Work required: Below this sentence is a listing; return exactly its lines from the one with "Jays Cafe |" to the one with "QR Code for", both kept, and nothing more.

Working data:

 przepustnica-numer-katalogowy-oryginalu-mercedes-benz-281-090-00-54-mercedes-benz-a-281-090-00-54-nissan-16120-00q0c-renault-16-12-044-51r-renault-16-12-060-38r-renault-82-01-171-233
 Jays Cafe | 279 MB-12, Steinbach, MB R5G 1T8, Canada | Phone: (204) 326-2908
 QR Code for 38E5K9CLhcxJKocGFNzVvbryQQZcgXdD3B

* * *

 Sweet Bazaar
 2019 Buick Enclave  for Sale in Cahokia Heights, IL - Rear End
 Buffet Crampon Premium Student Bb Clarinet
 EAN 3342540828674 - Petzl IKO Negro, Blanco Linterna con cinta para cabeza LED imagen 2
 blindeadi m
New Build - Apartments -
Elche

--

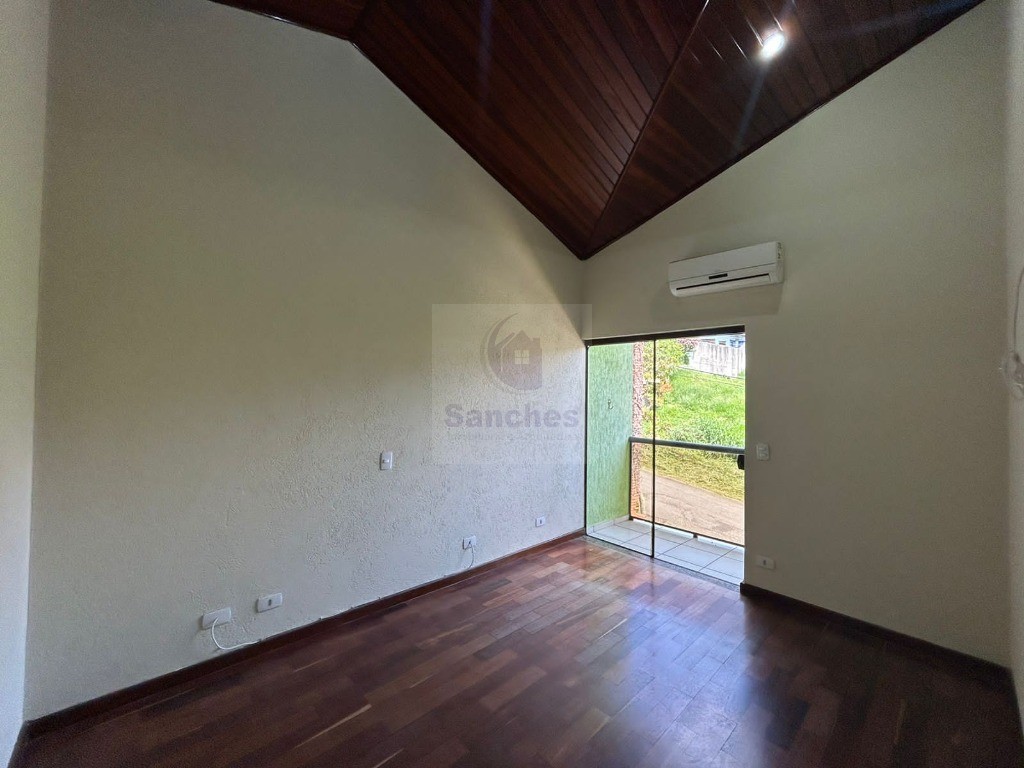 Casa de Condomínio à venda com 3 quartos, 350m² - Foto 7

Completed task:
 Jays Cafe | 279 MB-12, Steinbach, MB R5G 1T8, Canada | Phone: (204) 326-2908
 QR Code for 38E5K9CLhcxJKocGFNzVvbryQQZcgXdD3B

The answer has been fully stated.